As part of Grinnell’s community education, Professor Karla Erickson, sociology, will teach a Bucket Course titled “Driverless Trucks and the Future of Work” at the Drake Community Library. The course will be on Wednesdays from 10 to 11:30 a.m., Feb. 20 to Mar. 13, and interested parties can register online for a fee of $15.
Bucket Courses, presented through the Grinnell Community Education Council, provide an opportunity for members of the community to learn about specialized topics in a series of short lectures.
“As a sociologist, they’re super fun to teach because you get to offer something to kind of a friendly, educated, smart, lay audience. … It’s also been useful in the development of my projects because I’m trying to write basically public sociology that’s available to a wider audience, so I get to kind of try it out on them,” Erickson said.
Through this course, Erickson aims to explore the ways in which machines and rapidly-advancing technologies influence humans socially and in the workplace.
“I’m particularly interested in representation of what machine/human relations ‘should’ be like; … what we’re afraid of when it comes to our relationship to machines. And then I am a labor ethnographer, so I’m really interested in the consequences for labor of artificial intelligence,” she said.
The inspiration for this project came from driverless trucks, which Erickson was initially drawn to because of their potential impact on Iowans. After looking into it further, she realized that the future of machine and human relations is even larger than she had first considered.
Erickson’s latest book project focuses on this topic, and she hopes to gain new perspectives through the students in this course. Because Bucket Courses tend to attract people of all ages, their different experiences with changing technologies over each person’s lifetime will provide an interesting aspect to the class.

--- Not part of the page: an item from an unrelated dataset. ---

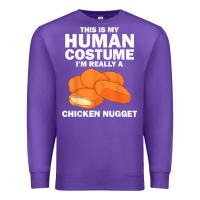Purple funny chicken nugget costume for kids fashion nugget foodie t shirt Premium Sweatshirt - linhVisuals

Over the course of four lectures, students will think about the technology that has already affected their lives, learn about the social life of machines and predict possible reactions to changes in labor and how humans earn an income. Erickson plans to discuss the balance between potential benefits and dangers that artificial intelligence may provide.
“We’re seeing robots that can do translation better than a human translator, they can win at Go, which is an incredibly hard game, they can win at chess, they can write basic stuff … A lot of the things that we tended to think of as very sacred work, work that really required humans, it’s very confusing where that line is,” she said.
At its core, the course will prompt students to consider what has already changed with technology, what is yet to evolve and how humans can socially address these developments.
“I don’t think that there’s a stopping this wave; I think there’s a navigating it. I’ll be interested to know what kinds of navigation seem more or less reasonable to participants,” Erickson said.